2025 Swain ON, Swain OFF, Baseline: Xavier vs T300, no-garbage/luck-adj

A net offensive rating impact of -0.8 when Swain is on compared to Xavier’s baseline is very underwhelming for a decent offense. Swain has a positive FTR influence, and his positive TO influence is an improvement from last year. We can attribute this to his scaling up (higher PnR and driving responsibility) while maintaining A:TO.

2024 Swain ON, Swain OFF, Baseline: Xavier vs T300, no-garbage/luck-adj

The lack of on/off impact is emblematic of a more pressing issue with Swain: there just isn’t a whole lot of “guarantees.”

He’s promising in a lot of areas, but not truly adept at anything in relation to halfcourt offense. You’d think a player with his athleticism and transition prowess would be able to be more effective at the rim, but Swain shot a pedestrian 64% at the rim on a majority-assisted rim diet. While there’s some sliver of ball handling upside, there’s also a chance Swain isn’t able to convert self-created rim attempts at a respectable rate.

1.09 points per shot on HC layups is somewhat concerning.

Swain is what I’d call a “trait-maxxed” player: he checks lots of boxes that indicate high upside. He’s super young, he will measure and test exceptionally well, and he blends cognition, physicality, and touch in a way that typically translate to NBA goodness. But he simply hasn’t quite done anything worthy of NBA status … yet.

Without improved shooting volume, the projection is somewhat difficult but not impossible. Something like an athletic finisher with defensive impact, something in the realm of Ausar or Josh Minott. He could carry over his 98th percentile transition frequency to the league and do his best Christian Braun impression, though that is somewhat dependent on the context. This may not sound too compelling, but my thesis is that Swain’s ancillary production is too good to fail. It’s quite similar to my case for the aforementioned Josh Minott, who also faced questions about his NBA role, but is making it work given his cognitive and physical strengths.

To answer the other half of your question: based on historical trends, I believe that trait-maxxing is the most important predictor of development over expectation. Massive arms and feel, for instance, has been Sam Presti’s method to draft success. This is why I believe his development curve will be sloped upwards regardless of role, for the time being: he’s entering the critical period of development (age 20/junior year) where the big-time leaps occur.

Can he access super high-end outcomes without being able to shoot at reasonable volume? Probably not.
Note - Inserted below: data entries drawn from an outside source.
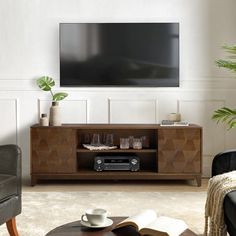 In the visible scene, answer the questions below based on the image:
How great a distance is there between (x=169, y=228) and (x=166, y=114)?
10.7ft

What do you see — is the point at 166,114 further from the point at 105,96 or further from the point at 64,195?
the point at 64,195

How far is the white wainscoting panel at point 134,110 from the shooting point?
17.3 ft

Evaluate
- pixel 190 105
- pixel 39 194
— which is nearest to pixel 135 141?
pixel 190 105

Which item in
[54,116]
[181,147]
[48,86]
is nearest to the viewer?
[181,147]

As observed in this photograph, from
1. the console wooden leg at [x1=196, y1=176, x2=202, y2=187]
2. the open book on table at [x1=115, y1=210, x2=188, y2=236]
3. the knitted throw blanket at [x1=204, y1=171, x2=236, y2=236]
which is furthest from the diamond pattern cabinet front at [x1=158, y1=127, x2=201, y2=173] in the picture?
the open book on table at [x1=115, y1=210, x2=188, y2=236]

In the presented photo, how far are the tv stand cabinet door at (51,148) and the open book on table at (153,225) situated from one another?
106 inches

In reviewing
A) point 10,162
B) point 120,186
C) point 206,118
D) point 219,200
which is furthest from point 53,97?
point 219,200

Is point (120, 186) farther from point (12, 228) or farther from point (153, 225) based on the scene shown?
point (153, 225)

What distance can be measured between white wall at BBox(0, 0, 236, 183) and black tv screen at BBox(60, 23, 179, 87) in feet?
0.31

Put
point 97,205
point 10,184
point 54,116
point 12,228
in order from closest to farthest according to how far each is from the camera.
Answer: point 10,184, point 12,228, point 97,205, point 54,116

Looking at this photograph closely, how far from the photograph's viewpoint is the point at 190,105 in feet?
17.3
But the guy is an S-tier athlete with huge dimensions, can run creation playtypes at efficiency, and he’s an elite stocker with strong passing and rebounding. There is a small (and improbable) chance that Swain could check every single meaningful “trait” box and parlay that into stardom, particularly if he shoots (and as I outlined before, higher volume shooting isn’t as unlikely as you may think).

In an expected value paradigm (probability x value), a miscellany of small probability x high upside avenues can aggregate towards a sneaky-high expected value. It is difficult for me to project the specifics of Swain’s development curve, but I feel that his expected value is somewhere in the tier of a real deal NBA player. Let’s see if ancillary production and trait-maxxing can manifest in legitimate impact.